EHT 1864 Inhibits Rac1 Signaling—It has been reported that Rho family members can drive transcription from reporter constructs Gal4-c-Jun plus 5× Gal4-Luc, HIV-Luc bearing NF-κB binding sites, and cyclin D1-Luc (
). In order to confirm that EHT 1864 can inhibit Rac1-dependent functions, we cotransfected the constitutively active mutant Rac1-Val12 (RACV12) with the different reporter constructs in the presence of different concentrations of the compound. As shown in Fig. 2, RACV12 elicited transcriptional responses from the NF-κB, c-Jun, and cyclin D1 reporter constructs (Fig. 2, B–D, respectively). -Fold inductions for the c-Jun, NF-κB, and cyclin D1 reporter constructs were 5, 15, and 4, respectively. Treatment of cells with EHT 1864 dose-dependently reduced luciferase activity from all three reporter constructs, and for each, the 50% inhibition dose came at ∼5 μm. These results indicated that EHT 1864 is able to interfere with Rac1-mediated transduction pathway, probably by inhibiting its ability to recruit its effectors.

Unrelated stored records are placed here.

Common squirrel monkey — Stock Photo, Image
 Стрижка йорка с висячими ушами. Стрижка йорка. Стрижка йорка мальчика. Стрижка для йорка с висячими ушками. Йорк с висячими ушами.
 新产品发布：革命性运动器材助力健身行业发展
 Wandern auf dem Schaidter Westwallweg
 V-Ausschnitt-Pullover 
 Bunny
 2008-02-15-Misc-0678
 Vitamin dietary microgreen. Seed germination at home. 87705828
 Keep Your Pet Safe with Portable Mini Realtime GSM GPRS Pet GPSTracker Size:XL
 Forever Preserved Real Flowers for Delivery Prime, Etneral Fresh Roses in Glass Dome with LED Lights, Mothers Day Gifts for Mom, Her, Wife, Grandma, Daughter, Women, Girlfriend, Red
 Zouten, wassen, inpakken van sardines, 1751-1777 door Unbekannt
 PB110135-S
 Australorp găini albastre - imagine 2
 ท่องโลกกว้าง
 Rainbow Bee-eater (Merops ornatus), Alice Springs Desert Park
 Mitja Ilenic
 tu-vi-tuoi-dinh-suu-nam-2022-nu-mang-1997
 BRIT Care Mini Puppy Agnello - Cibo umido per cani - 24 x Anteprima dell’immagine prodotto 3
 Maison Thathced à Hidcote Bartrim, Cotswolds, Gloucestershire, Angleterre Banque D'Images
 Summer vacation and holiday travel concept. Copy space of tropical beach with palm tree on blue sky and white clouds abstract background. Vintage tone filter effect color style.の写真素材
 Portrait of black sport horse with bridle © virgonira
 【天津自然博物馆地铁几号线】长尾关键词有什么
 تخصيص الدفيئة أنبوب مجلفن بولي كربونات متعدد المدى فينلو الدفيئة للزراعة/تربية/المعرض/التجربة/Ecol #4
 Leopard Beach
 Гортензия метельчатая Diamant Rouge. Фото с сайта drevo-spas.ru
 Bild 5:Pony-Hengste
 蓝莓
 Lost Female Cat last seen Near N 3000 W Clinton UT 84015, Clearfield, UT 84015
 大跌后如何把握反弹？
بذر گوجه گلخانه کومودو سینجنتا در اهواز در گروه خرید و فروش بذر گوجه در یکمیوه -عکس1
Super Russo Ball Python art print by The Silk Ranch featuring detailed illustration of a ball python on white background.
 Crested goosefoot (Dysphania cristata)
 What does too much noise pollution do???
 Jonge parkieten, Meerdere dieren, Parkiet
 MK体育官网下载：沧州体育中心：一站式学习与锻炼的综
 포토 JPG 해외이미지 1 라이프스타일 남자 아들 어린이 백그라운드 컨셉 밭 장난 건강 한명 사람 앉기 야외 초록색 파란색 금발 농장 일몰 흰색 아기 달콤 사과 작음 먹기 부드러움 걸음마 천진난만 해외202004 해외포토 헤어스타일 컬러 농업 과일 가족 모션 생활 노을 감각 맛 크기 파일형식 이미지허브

As a control, EHT 4063, an EHT 1864-related molecule that is unable to disrupt the Rac1/Pak1 interaction in the pull-down experiments (data not shown), was inactive in the gene reporter assays using the three different reporter constructs. EHT 1864 and EHT 4063 had no effect on cell viability of NIH3T3 cells, as demonstrated by lactate dehydrogenase and 3-(4,5-dimethylthiazol-2-yl)-2,5-diphenyltetrazolium bromide assays (data not shown).
EHT 1864 Prevents Aβ 40 and Aβ 42 Production in Vitro—We have examined the effect of EHT 1864 and EHT 4063 on the production of Aβ 40 using SH-SY5Y cells endogenously expressing wild type APP. Confluent cells were allowed to secrete in 5 ml of medium for 18 h. In our conditions, the total amount of secreted Aβ 40 in untreated samples was 21.4 ± 3.9 pg/ml, and Aβ 42 levels were below the detection limit of the ELISA assay. Incubation of cells for 18 h with 2, 10, or 20 μm EHT 1864 resulted in 79.8, 30.1, and 12.9% reduction in secreted Aβ 40 levels, respectively. In contrast, EHT 4063 was strictly inactive in reducing secreted Aβ levels. We calculated EHT 1864 IC50 as being 5.44 μm using the Prism software (Fig. 3A).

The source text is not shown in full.